On May 2, 2001, the plaintiffs, Daniel Pabon and his mother Norma Pabon, filed a nine count amended complaint against the defendants. Count one alleges negligence against the New London Board of Education pursuant CT Page 11189 to General Statutes § 10-220 and § 10-221 (a). Counts two, three, four and five allege negligence against the superintendent of schools, Julian Stafford, the city of New London, the high school's principal, Louis Allen, the dean of the high school, Richard Daniele, and the assistant principal of the high school, Stephen Salisbury. Counts six, seven and eight allege negligent assault, reckless misconduct and intentional assault against Sakunda Morris.

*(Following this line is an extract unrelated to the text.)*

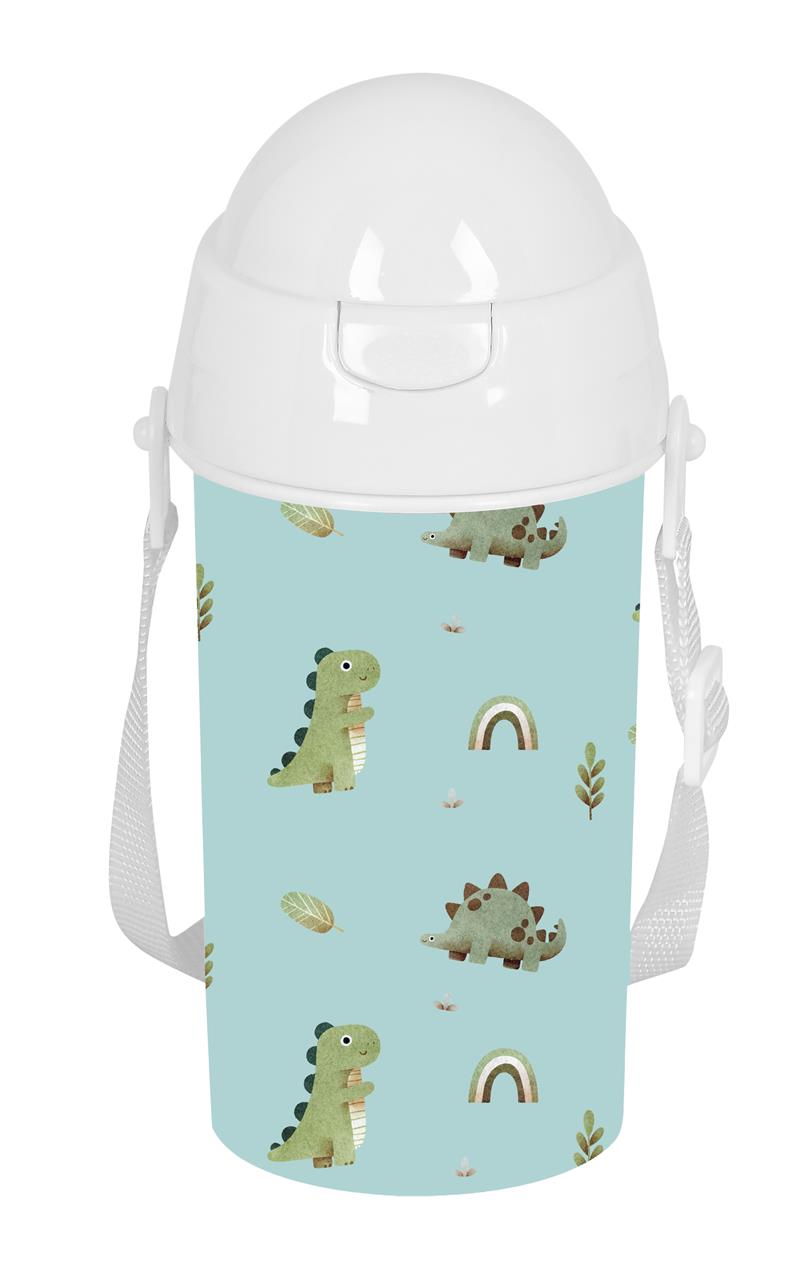 Botella Infantil 500ml con Pajita Safta Dinos | Apertura Automática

Count nine alleges medical expenses incurred by Norma Pabon as against all of the defendants.
The defendant, the New London Board of Education, filed a motion to strike count one of the complaint on the ground that it is legally insufficient under General Statutes § 10-235. The plaintiff filed an objection to the motion to strike on the ground that the plaintiffs are not pursuing claim under General Statutes § 10-235 but is pursuing a negligence claim under General Statutes § 10-220 and § 10-221 (a).
DISCUSSION "Whenever any party wishes to contest (1) the legal sufficiency of the allegations of any complaint, counterclaim or cross claim, or of any one or more counts thereof, to state a claim upon which relief can be granted . . . that party may do so by filing a motion to strike the contested pleading or part thereof." Practice Book § 10-39(a). "In ruling on a motion to strike, the court is limited to the facts alleged in the complaint." (Internal quotation marks omitted.) Faulkner v. UnitedTechnologies Corp., 240 Conn. 576, 580, 693 A.2d 293 (1997). The court must "construe the complaint in the manner most favorable to sustaining its legal sufficiency." (Internal quotation marks omitted.) Eskin v.Castiglia, 253 Conn. 516, 523, 753 A.2d 927 (2000). "A motion to strike admits all facts well pleaded; it does not admit legal conclusions or thetruth or accuracy of opinions stated in the pleadings." (Emphasis in original; internal quotation marks omitted.) Faulkner v. UnitedTechnologies Corp., supra, 588.
The defendant moves to strike on the ground that General Statutes § 10-2351 does not provide for a direct cause of action against a board of education. The defendant argues that the courts have not allowed direct actions by a plaintiff against a board of education, and therefore the motion to strike count one should be granted.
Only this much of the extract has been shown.